- Opening Delimiter -
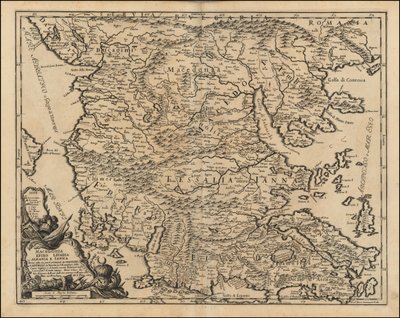 Mapa de 1684 da Tessália e da Macedónia, de Giacomo Cantelli da Vignola de Giacomo Cantelli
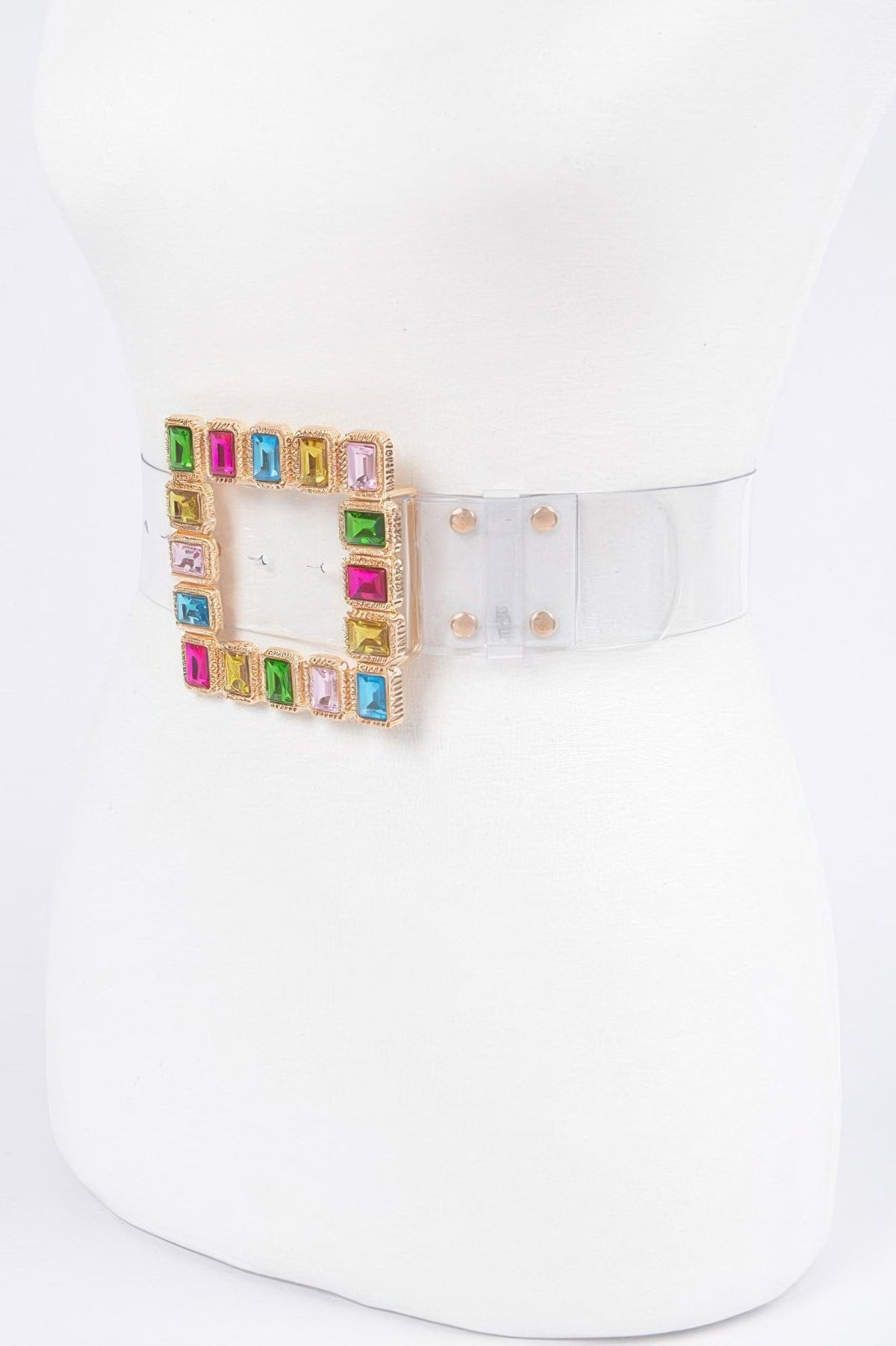 Women's Stone Buckle Faux Leather Belt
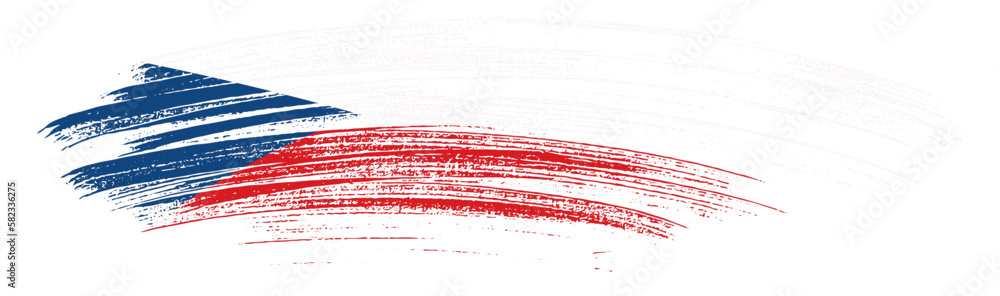 Obraz premium Czech Republic flag with brush paint textured isolated on png
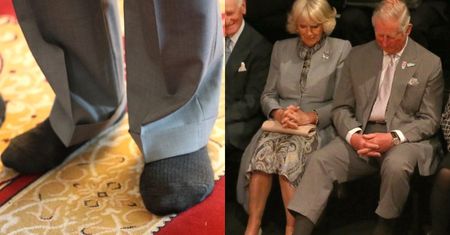 Król Karol III podczas wizyty w meczecie zaliczył wpadkę. W centrum uwagi znalazły się jego stopy (FOTO)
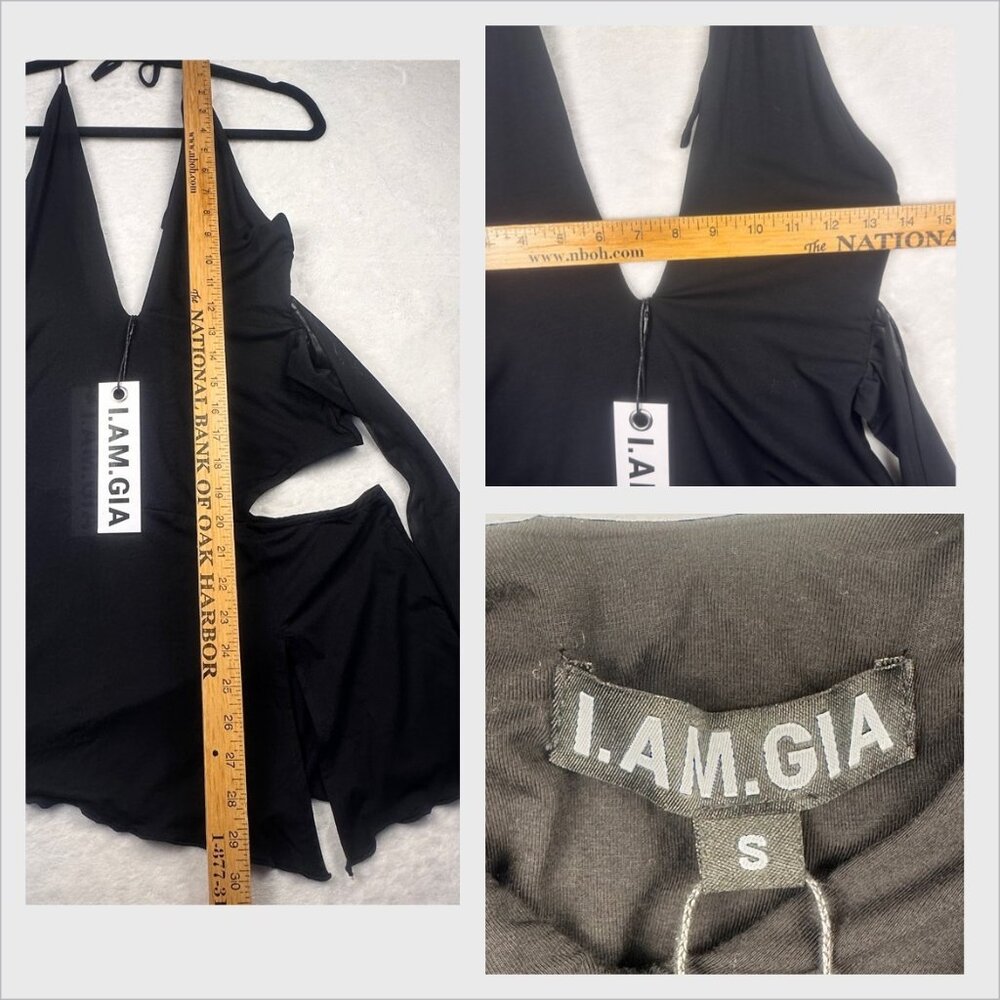 I.A.M.GIA Cecelia Black Halter Mini Dress S Side Slits Feminine Whimsy Grunge - Picture 10 of 12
- Closing Delimiter -
**TASK INSTRUCTIONS**
Write out every entry exactly. Pictures do not belong in the copy.

**OUTPUT OF THE EXERCISE**
 Mapa de 1684 da Tessália e da Macedónia, de Giacomo Cantelli da Vignola de Giacomo Cantelli
 Women's Stone Buckle Faux Leather Belt
 Obraz premium Czech Republic flag with brush paint textured isolated on png
 Król Karol III podczas wizyty w meczecie zaliczył wpadkę. W centrum uwagi znalazły się jego stopy (FOTO)
 I.A.M.GIA Cecelia Black Halter Mini Dress S Side Slits Feminine Whimsy Grunge - Picture 10 of 12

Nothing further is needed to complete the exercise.